February 17, 1938 Mary Frances Berry, the first black woman to head a major research university, was born in Nashville, Tennessee.
Berry earned her Bachelor of Arts and Master of Arts degrees from Howard University in 1961 and 1962, respectively and her Ph.D. and Juris Doctorate degrees from the University of Michigan in 1966 and 1970, respectively.
In 1970, she accepted the position of acting director of the Department of Afro-American Studies at the University of Maryland and from 1974 to 1976 she served as provost in the Division of Behavioral and Social Sciences. In 1976, she became the chancellor at the University of Colorado, becoming the first black woman to head a major research university. In 1977, President Jimmy Carter appointed Berry assistant secretary for Education, making her the first African American woman to serve as the chief educational officer in the United States.
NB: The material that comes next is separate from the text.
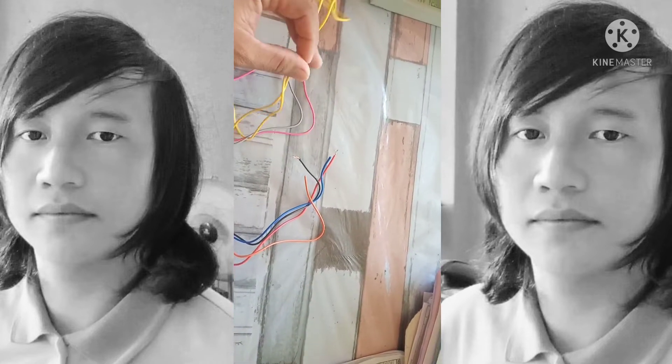Itong blue wire para sa starter. Ito namang orange para sa accessories wire. Itong dalawang dilaw ay para sa signal light.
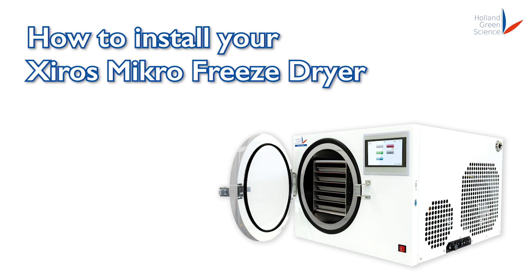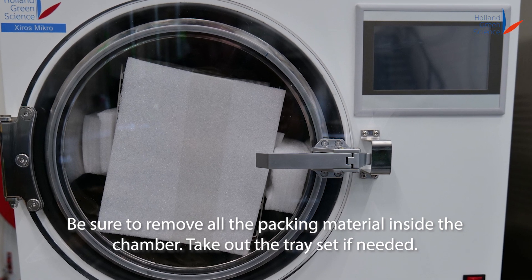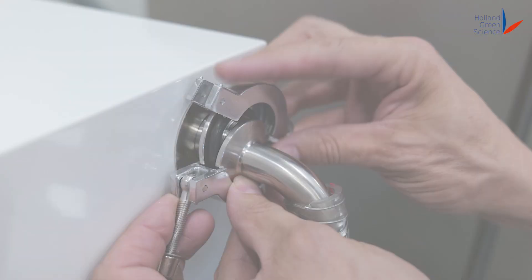How to install your Shiro's Micro Freeze Dryer. Be sure to remove all the packing material inside the chamber. Take out the tray set if needed.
In 1980, President Carter appointed her to the U.S. Commission on Civil Rights where she served until 2004. Throughout the 1980s she increased her involvement in social activism and in 1984 co-founded the Free South Africa Movement. She also has published several books, including “Long Memory: The Black Experience in America” (1982), “Why ERA Failed: Politics, Women’s Rights, and the Amending Process of the Constitution” (1986), and “And Justice for All: The United States Commission on Civil Rights and the Struggle for Freedom in America” (2009). Berry has received more than 30 honorary degrees and currently serves as professor of history at the University of Pennsylvania.